Ulta Beauty ended the quarter with cash and cash equivalents, and short-term investments of $327.4 million, and total stockholders’ equity of $1,839.5 million. Net merchandise inventories summed $1,316 million as of Aug 3, 2019, marking an increase of almost 7.9% from the year-ago period. Also, average inventory per store was flat year over year.
Net cash provided by operating activities was roughly $447.3 million at the end of first six months of fiscal 2019.

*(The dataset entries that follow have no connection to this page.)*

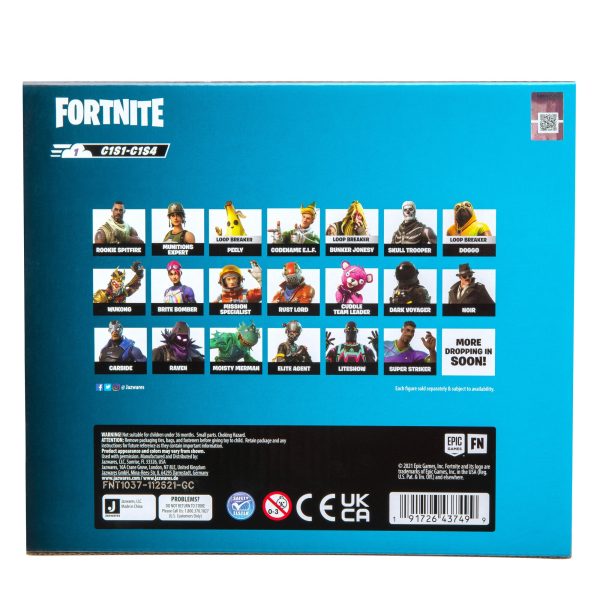 Fortnite-LegendaryMicroSeriesPartyPack12Pieces-FNT1037-Back-IP-lpr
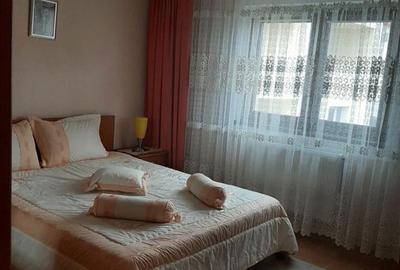 Casă cu 4 camere în Agigea - 5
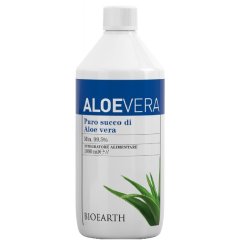 succo aloe vera 1000ml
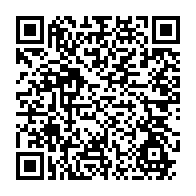 qrcode:https://www.info241.ga/scandale-des-procurations-immongault-reconnait-les-fraudes-mais,10975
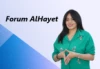 Forum AlHayet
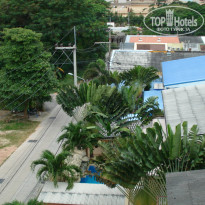 фото из отзыва ID 864764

Ulta Beauty bought back 791,603 shares for $270.9 million in the reported quarter. With this, the company had nearly $517.3 million outstanding as of Aug 3, 2019, under its $875-million share repurchase plan announced in March 2019.
In the fiscal second quarter, Ulta Beauty opened 20 stores while it shuttered three stores. As of Aug 3, 2019, it operated 1,213 stores, increasing its total square footage by 7.9% year over year.

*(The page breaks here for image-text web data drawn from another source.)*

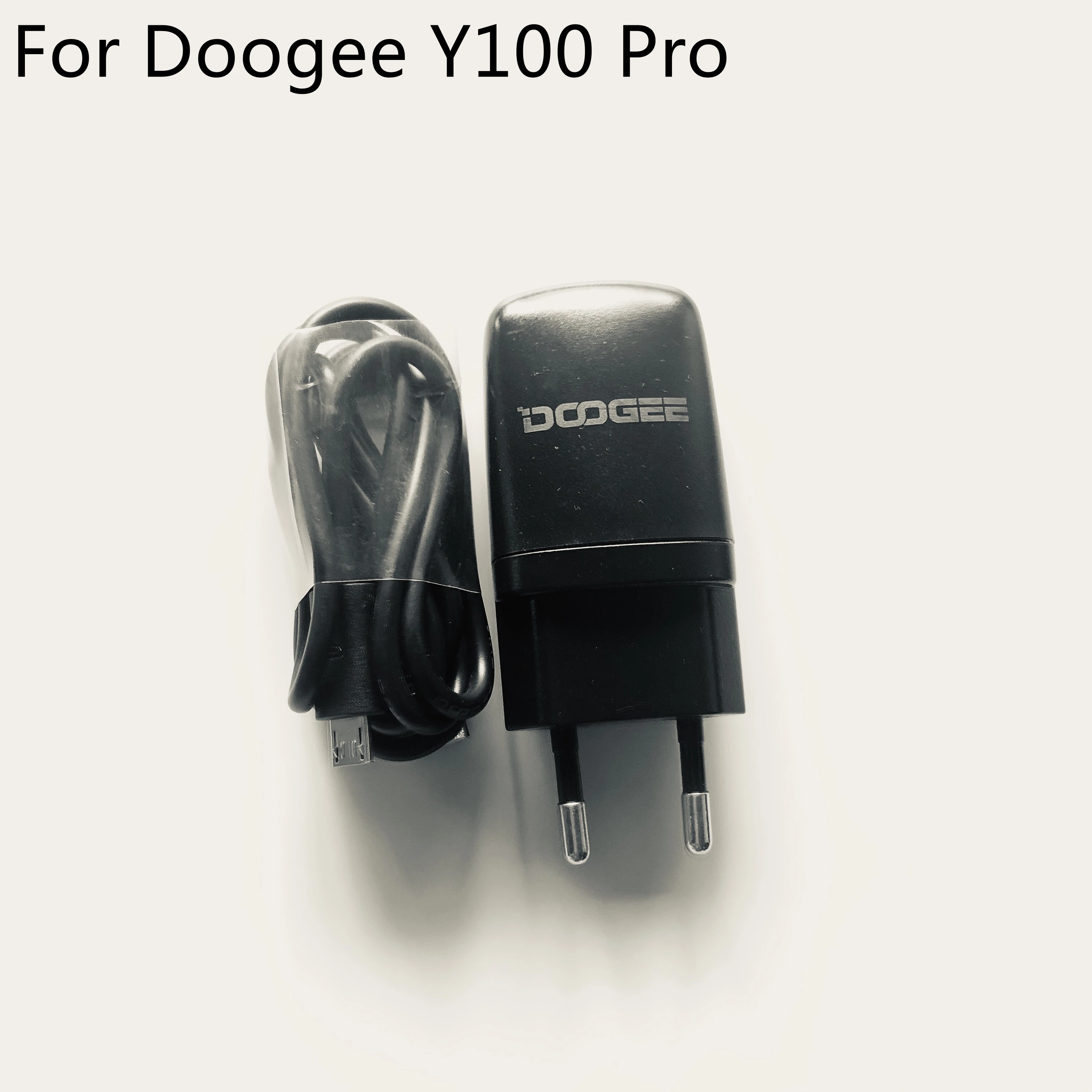 

Новый ЖК-экран Doogee Y100 Pro + сенсорный экран + рамка запасные аксессуары для ремонта смартфона Doogee Y100 PRO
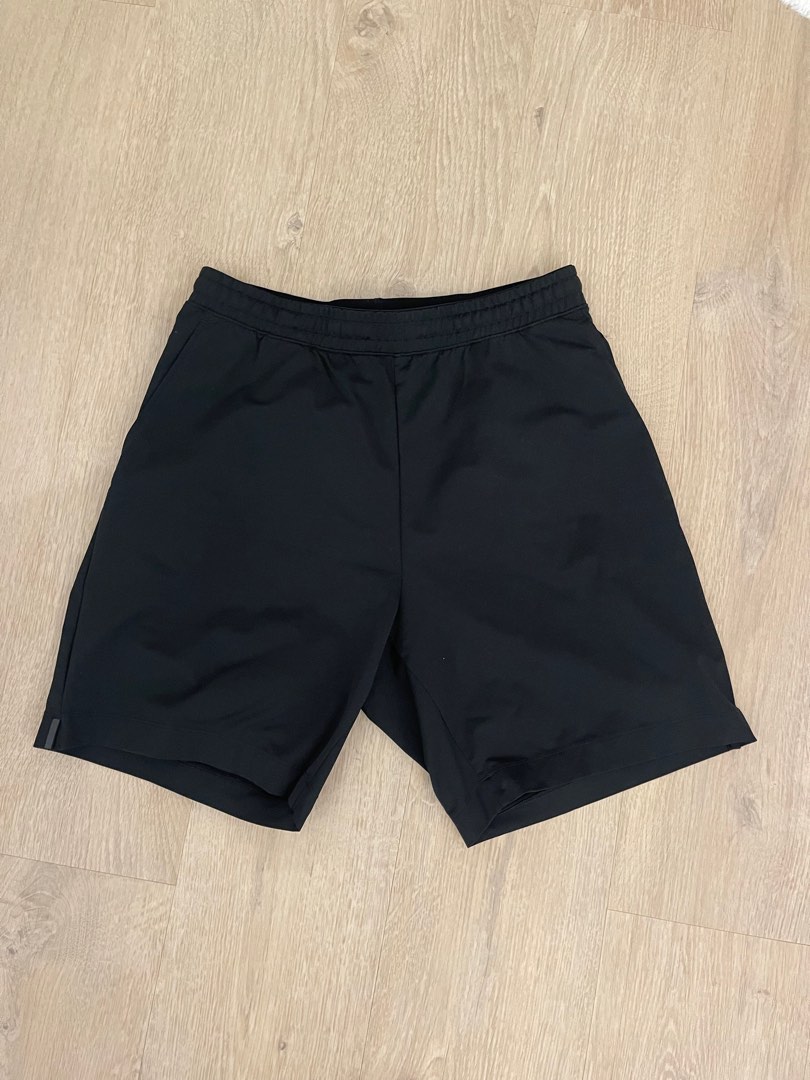 Uniqlo running shorts outlet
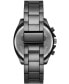 Фото #3 товара Наручные часы Citizen Corso Two-Tone Stainless Steel Bracelet Watch 40mm
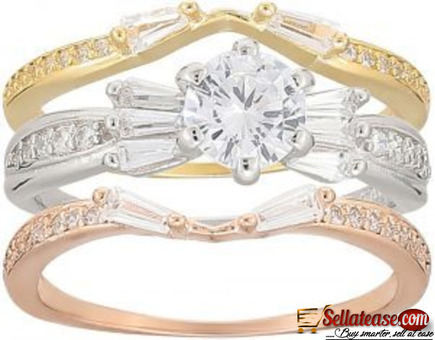 Online silver jewellery wholesaler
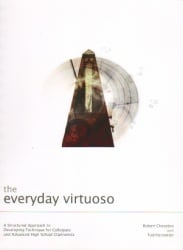 Everyday Virtuoso - Clarinet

In fiscal 2019, the company plans to open nearly 80 stores as well as remodel or relocate 20 outlets. Also, it intends to complete roughly 270 store refreshes.
For fiscal 2019, management projects total sales to increase 9-12% compared with the previous view of growth in the low double-digits percentage range.
Comps are expected to increase nearly 4-6%, indicating a decline from 8.1% growth registered in fiscal 2018. Comps growth guidance includes e-commerce improvement of 20-30%. Earlier, management projected comps to rise in the range of 6-7%.
Further, the company expects operating margin deleverage of 60-70 bps for fiscal 2019 compared with prior guidance of operating margin leverage of 10-20 bps. Earnings per share are now envisioned to be $11.86-$12.06. Earlier, the company projected earnings in a range of $12.83-$13.03. The Zacks Consensus Estimate for earnings is pegged at $12.96.
Markedly, Ulta Beauty’s earnings guidance includes the impact of share repurchases worth roughly $700 million and an effective tax rate of 23%.
For third-quarter fiscal 2019, Ulta Beauty expects earnings per share growth to be in the range of flat to low teens. The company projects gross margin expansion, lower comps growth and higher SG&A costs. Further, it envisions earnings per share growth in the mid-single-digit range for fourth quarter of fiscal 2019.
The company plans to spend about $340-$350 million as capital expenditures in fiscal 2019 compared with $319 million incurred last year. Also, it expects to incur depreciation and amortization charges of $300 million.
Shares of this Zacks Rank #2 (Buy) stock have gained 37.9% year to date, outperforming the industry's 4.7% rally.